The centrepiece of this trip is his participation in the celebrations in Moscow on Monday of the 60th year anniversary of the defeat of Hitler's Germany.

It was on May 9th 1945 that a full and final capitulation of German armed forces in all theatres of war was signed at the Soviet military headquarters in Berlin-Karlshorst. The war had finally ended.

A capitulation had in fact already been signed on May 7th at General Eisenhowers forward headquarters in Reims. Sitting at an old naval base by Flensburg just by the Danish border, the German leader after the suicide of Hitler, Admiral Dönitz, had been desperate to sign a capitulation first with the Western Countries.

But Stalin didn't like this Reims capitulation too much, and the entire thing had to be repeated in Berlin under Soviet auspicies.

The peoples of the then Soviet Union suffered beyond belief during this war. It's estimated that 27 million people lost their lives. This is many times more than all the Western allies taken together. A country like the Belarus of today lost nearly a third of its total population.

These sacrifices and this suffering is worth to be honoured and remembered.

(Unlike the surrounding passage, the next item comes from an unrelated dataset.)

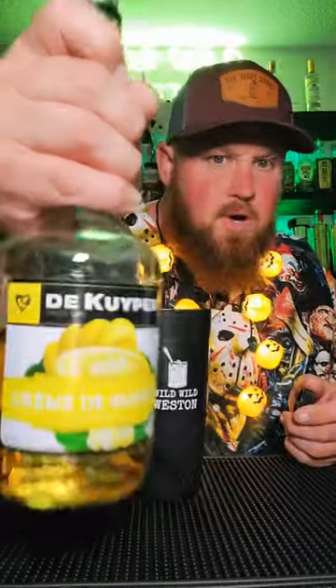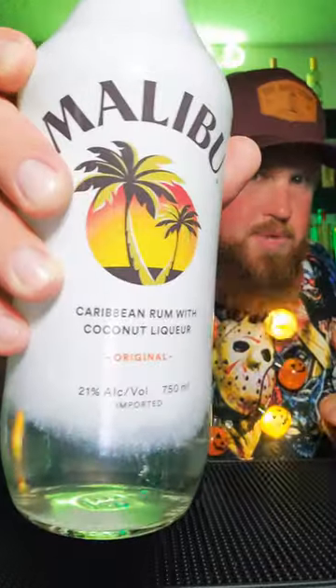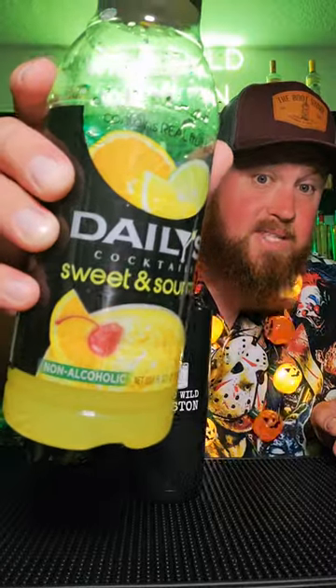Get you a mixture with some ice in it. Start with some banana liqueur — I'm using crème de banana — and then get you some coconut rum. Today we're using Malibu. Next we'll need some melon liqueur; I'll be using Midori. And last we need a splash of sweet and sour.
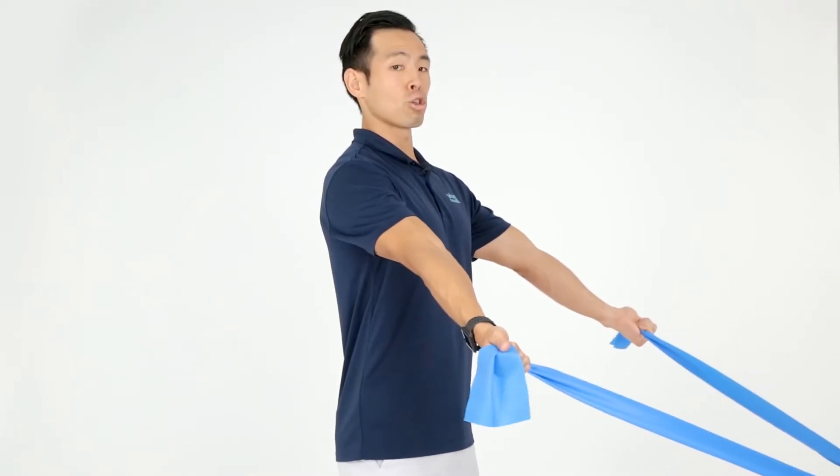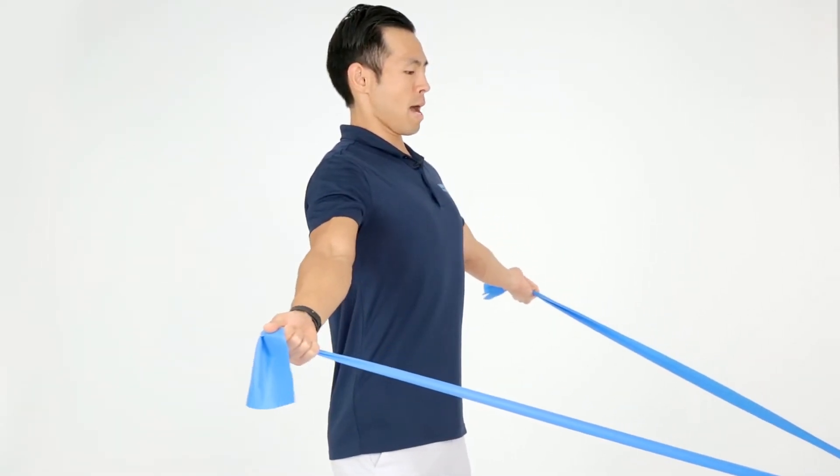From here, we're going to keep our arms straight and you're going to pull with the upper back muscles.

That's why it's correct for also Western leaders to go to Moscow.

But the problem is the way what happened is often presented by President Putin. For half of Europe it wasn't liberation - just the transition from one nightmare to another. This needs to be respected as well.

In this letter to Latvian President Vike-Freiberga prior to his arrival to Riga, President Bush states clearly that he shares this view, and talks about the Soviet occupation that followed immediately after liberation from the Nazi horrors.

It will be most interesting to see to which extent other Western leaders are prepared to express themselves on the same issue.

After being in Moscow on Monday, President Bush proceeds to Tbilisi in Georgia to give support to the new democratic reformers there. Neither the Riga nor the Tbilisi trip are likely to have been met with applause in the Kremlin.

That's probably also why a quick trip to the Netherlands was added. President Bush goes to the Hague from Riga, and from there to Moscow. It's the Queen's jubilee, but I guess the real reason is that by going directly from Riga to Moscow some Russians would simply have been too irritated.

It's worth noting that the trip to Riga is President Bush second visit to the Baltic countries - two years ago he was in Vilnius in Lithuania.

For a country like Sweden it's worth noting where the centre of political gravity in the Baltic region is these days.